A simple question about stock cars. Most of the time I always associate them with cattle. However, did they also use them to move pigs, chickens, and other farm animals to slaughter houses? Thanks.
Tom
A simple question about stock cars. Most of the time I always associate them with cattle. However, did they also use them to move pigs, chickens, and other farm animals to slaughter houses? Thanks.
Tom
Tom,Stock cars was used for cattle,horses,pigs,sheep and goats.
I know chicken was ship by rail in cretes but,not sure of the type of car used.
Thanks, Larry. That’s kinda what I thought.
Yea, I wasn’t unsure about the chickens, either. Although the larger animals wouldn’t necessarily have a problem, those stock cars would seem a little too “breezy” to safely transport chickens in.
Tom
And watermelons. From Texas (SP, T&NO, MKT).
Can you imagine trying to get chickens out of a stock car? What a great scene for the Three Stooges!
Ed
[8D] Years ago I remember seeing Union Pacific stock cars with the car number and then either a D or T next to it. I asked and found out that the letter designated the car as eiter a double or triple level car. Triple level were used for either hogs or sheep Just a thought hopes this helps Larry
This wikipedia article has something on poultry cars.

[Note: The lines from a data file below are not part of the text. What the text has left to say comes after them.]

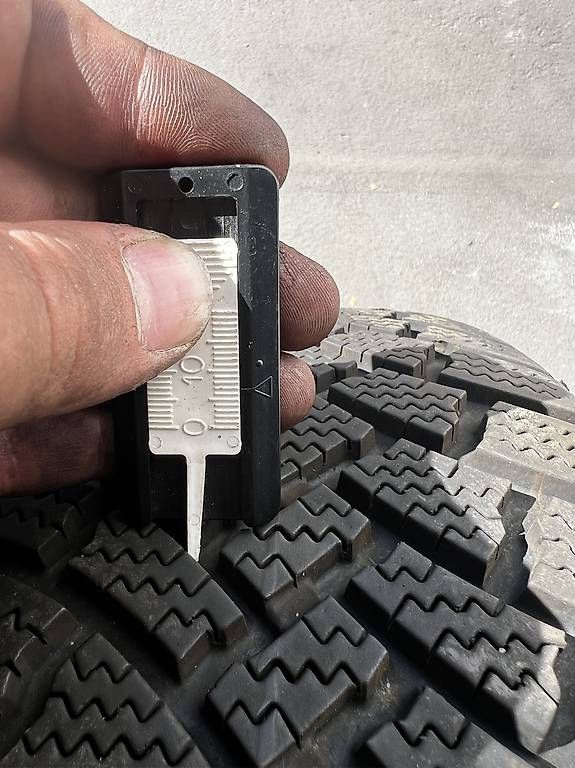 Pneumatici & Ruote complete: 175/55 R15 Winterreifen – Usato da Sursee venduto da gas_8n5t 4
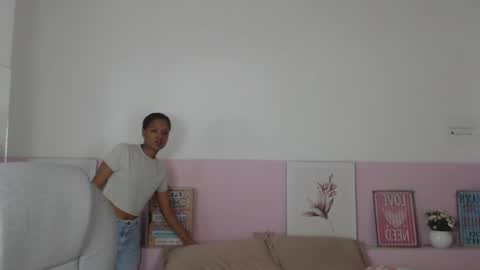 Snapshot of brendathompson_ chatting on February 2025 11:58:01 AM Brenda online show from February 2025 11:58:01 AM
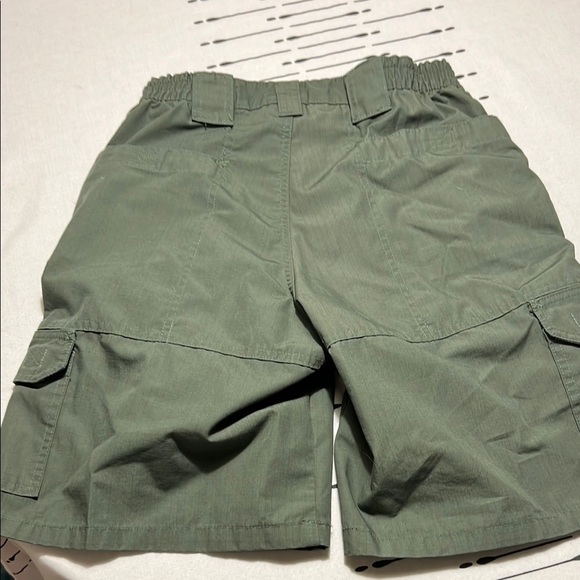 Men's Propper Hiking Green Cargo Shorts. Size 30 - Picture 3 of 9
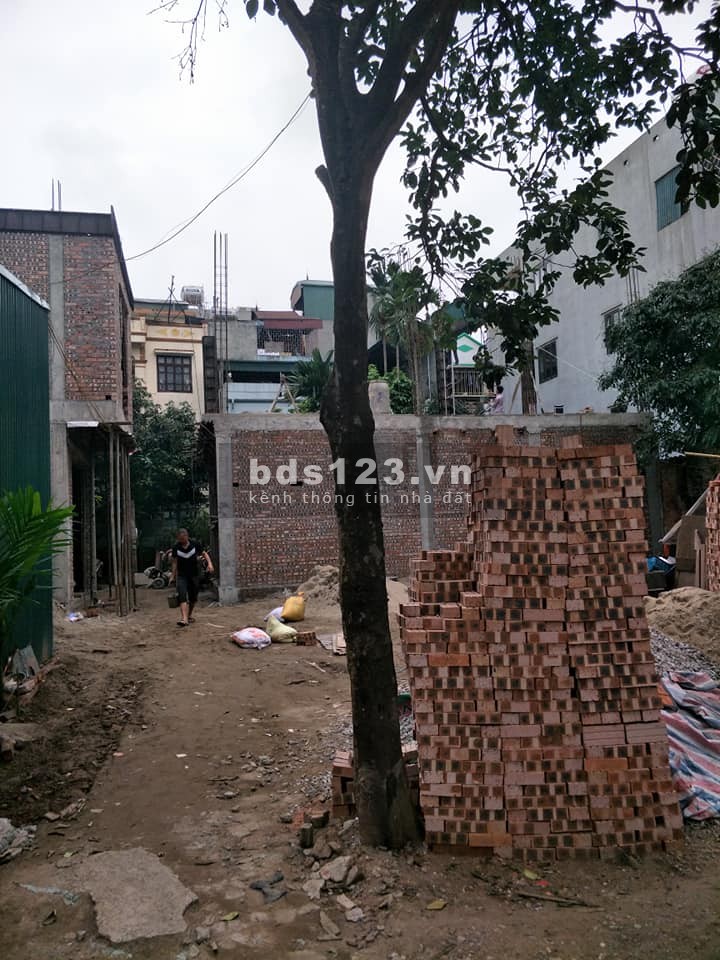 Bán gấp mảnh đất đường Lý Sơn 56m2 x 6m mặt tiền, giá 3.5 tỷ, Phân lô, Ô tô vào đất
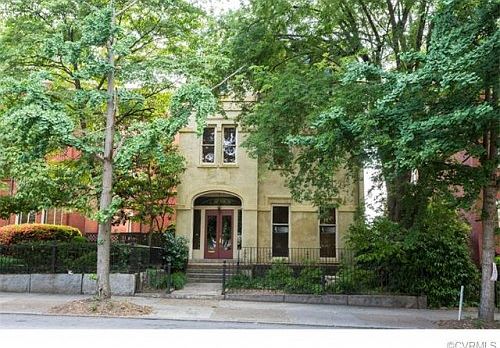 1st image of 209 W Franklin St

also watermelons,pig iron,bricks, etc.
Single deck stockcars and double deck seem to be the most common. As noted, hogs for example could use the double deck ones. Although cattle would be the most common in single deck, horses sometimes would be transported in stock cars. 100+ years ago logging in the Great Lakes area was done in winter, so farmers would sometimes hire out with their draft horses to pull logs out of the woods. Both the farmer / logger and his horses would go by train.
Also, though primarily used to bring cattle to market, stock cars sometimes were used to move animals from one grazing area to another. I seem to recall the D&RGW used to move cattle from their winter range to the summer range in the spring for example.
the Pig BrakeIIRC, one of the Ambroid “1 of 5000” car kits was a poultry car. I acquired one as part of a batch buy, then quickly sold it off (unbuilt) as trade goods.
One of my oddballs is a JNR four wheel double deck livestock-brake. I consider assigning that to some poor freight conductor as cruel and unusual punishment. (It’s referred to, informally, as, the Pig Brake.)
Chuck (Modeling Central Japan in September, 1964)
since most stock cars were used seasonally, many lines and shippers (shippers owned many stock cars) were anxious to lease stock cars for other uses. One off label use for stock cars was for moving petroleum products in barrels (and later in drums). Such uses lasted well into the 1940s.
Some years ago, the GM&O Historical Society Newsletter ran a photograph of Alton stock cars being used by the stores department to ship parts and supplies to outlying car and locomotive shops. The photo, IIRC, was taken at the Alton’s Bloomington (Illinois) shops.
The Wikipedia article is nicely detailed and shows various desings, including a 2-level car for sheep and the Stillwell Oyster Car - used to transport live oysters! And there is a secotion on poultry cars.